== Given data ==
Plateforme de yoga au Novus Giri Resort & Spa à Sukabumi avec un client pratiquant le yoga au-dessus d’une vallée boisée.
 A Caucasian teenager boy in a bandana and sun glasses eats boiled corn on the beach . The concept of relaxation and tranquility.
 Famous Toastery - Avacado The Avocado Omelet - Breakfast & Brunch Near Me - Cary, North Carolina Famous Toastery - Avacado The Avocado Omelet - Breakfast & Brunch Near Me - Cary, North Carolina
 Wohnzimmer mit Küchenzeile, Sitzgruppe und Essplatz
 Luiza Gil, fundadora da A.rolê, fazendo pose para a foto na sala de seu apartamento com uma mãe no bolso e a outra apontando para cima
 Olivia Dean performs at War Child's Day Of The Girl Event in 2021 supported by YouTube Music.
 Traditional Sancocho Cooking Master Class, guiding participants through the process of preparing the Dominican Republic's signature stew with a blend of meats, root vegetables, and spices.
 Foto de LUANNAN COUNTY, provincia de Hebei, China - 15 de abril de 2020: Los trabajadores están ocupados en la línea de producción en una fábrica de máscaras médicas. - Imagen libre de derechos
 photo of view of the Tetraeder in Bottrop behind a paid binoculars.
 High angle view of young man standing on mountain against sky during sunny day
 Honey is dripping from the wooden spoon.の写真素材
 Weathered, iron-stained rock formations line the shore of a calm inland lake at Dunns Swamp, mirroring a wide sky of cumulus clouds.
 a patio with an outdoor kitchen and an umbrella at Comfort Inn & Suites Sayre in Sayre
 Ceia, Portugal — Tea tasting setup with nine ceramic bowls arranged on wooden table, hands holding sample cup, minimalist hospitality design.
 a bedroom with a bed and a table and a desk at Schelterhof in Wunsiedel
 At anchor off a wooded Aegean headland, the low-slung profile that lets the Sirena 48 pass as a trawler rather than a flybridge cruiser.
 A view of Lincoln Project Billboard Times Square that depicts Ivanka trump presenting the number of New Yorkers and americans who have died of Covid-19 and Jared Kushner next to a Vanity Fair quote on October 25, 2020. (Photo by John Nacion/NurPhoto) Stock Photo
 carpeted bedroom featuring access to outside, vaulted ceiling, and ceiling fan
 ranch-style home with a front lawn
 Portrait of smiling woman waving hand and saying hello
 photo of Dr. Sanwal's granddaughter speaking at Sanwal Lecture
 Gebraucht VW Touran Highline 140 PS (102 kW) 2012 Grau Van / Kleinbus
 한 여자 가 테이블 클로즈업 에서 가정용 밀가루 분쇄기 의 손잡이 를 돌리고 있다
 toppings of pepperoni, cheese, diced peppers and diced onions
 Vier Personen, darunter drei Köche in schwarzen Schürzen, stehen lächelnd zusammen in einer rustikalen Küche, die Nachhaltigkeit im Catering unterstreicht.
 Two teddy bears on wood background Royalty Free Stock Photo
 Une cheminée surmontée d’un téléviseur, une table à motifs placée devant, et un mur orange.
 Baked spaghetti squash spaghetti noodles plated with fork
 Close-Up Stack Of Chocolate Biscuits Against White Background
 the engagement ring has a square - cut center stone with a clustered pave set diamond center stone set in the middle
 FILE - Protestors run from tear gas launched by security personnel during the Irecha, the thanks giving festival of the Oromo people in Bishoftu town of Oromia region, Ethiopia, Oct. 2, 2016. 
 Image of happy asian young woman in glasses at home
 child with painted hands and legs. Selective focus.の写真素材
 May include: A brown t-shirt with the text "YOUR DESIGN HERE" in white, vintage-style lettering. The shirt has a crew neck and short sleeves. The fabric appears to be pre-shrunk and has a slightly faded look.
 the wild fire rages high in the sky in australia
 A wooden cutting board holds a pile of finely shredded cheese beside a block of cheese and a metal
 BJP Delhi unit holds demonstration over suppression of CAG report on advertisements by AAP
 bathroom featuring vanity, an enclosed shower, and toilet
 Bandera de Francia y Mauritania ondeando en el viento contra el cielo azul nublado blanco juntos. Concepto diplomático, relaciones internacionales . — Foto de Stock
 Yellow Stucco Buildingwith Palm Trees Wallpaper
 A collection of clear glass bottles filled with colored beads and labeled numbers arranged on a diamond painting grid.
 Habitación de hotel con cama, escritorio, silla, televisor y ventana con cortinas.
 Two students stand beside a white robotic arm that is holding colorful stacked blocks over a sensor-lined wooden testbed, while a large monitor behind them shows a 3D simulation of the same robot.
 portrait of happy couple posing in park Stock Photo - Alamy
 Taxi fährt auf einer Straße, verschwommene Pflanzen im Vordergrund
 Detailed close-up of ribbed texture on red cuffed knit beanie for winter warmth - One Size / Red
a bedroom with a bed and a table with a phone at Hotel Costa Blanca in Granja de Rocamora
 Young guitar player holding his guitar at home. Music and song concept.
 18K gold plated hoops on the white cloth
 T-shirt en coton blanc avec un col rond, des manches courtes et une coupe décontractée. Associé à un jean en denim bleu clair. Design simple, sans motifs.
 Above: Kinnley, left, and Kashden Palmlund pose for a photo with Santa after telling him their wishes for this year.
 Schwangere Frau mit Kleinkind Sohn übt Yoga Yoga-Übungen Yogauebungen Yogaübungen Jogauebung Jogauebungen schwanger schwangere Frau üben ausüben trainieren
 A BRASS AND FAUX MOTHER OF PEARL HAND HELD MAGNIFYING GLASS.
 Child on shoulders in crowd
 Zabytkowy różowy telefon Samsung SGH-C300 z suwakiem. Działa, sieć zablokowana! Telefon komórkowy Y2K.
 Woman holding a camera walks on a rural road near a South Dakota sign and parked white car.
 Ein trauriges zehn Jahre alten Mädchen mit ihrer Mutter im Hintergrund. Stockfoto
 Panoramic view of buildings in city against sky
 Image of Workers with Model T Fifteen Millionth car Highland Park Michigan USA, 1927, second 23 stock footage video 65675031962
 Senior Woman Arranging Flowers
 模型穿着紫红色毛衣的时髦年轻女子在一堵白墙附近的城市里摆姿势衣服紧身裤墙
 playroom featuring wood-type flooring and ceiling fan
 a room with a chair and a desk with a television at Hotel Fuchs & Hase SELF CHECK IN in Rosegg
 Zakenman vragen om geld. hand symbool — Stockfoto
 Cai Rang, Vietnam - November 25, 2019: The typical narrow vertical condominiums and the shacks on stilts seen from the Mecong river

== What is needed ==
Set down, exactly as they appear above, all lines from the one that has "Portrait of smiling" down to the one that has "child with painted", including those two and no others.

== Reply to the task ==
 Portrait of smiling woman waving hand and saying hello
 photo of Dr. Sanwal's granddaughter speaking at Sanwal Lecture
 Gebraucht VW Touran Highline 140 PS (102 kW) 2012 Grau Van / Kleinbus
 한 여자 가 테이블 클로즈업 에서 가정용 밀가루 분쇄기 의 손잡이 를 돌리고 있다
 toppings of pepperoni, cheese, diced peppers and diced onions
 Vier Personen, darunter drei Köche in schwarzen Schürzen, stehen lächelnd zusammen in einer rustikalen Küche, die Nachhaltigkeit im Catering unterstreicht.
 Two teddy bears on wood background Royalty Free Stock Photo
 Une cheminée surmontée d’un téléviseur, une table à motifs placée devant, et un mur orange.
 Baked spaghetti squash spaghetti noodles plated with fork
 Close-Up Stack Of Chocolate Biscuits Against White Background
 the engagement ring has a square - cut center stone with a clustered pave set diamond center stone set in the middle
 FILE - Protestors run from tear gas launched by security personnel during the Irecha, the thanks giving festival of the Oromo people in Bishoftu town of Oromia region, Ethiopia, Oct. 2, 2016. 
 Image of happy asian young woman in glasses at home
 child with painted hands and legs. Selective focus.の写真素材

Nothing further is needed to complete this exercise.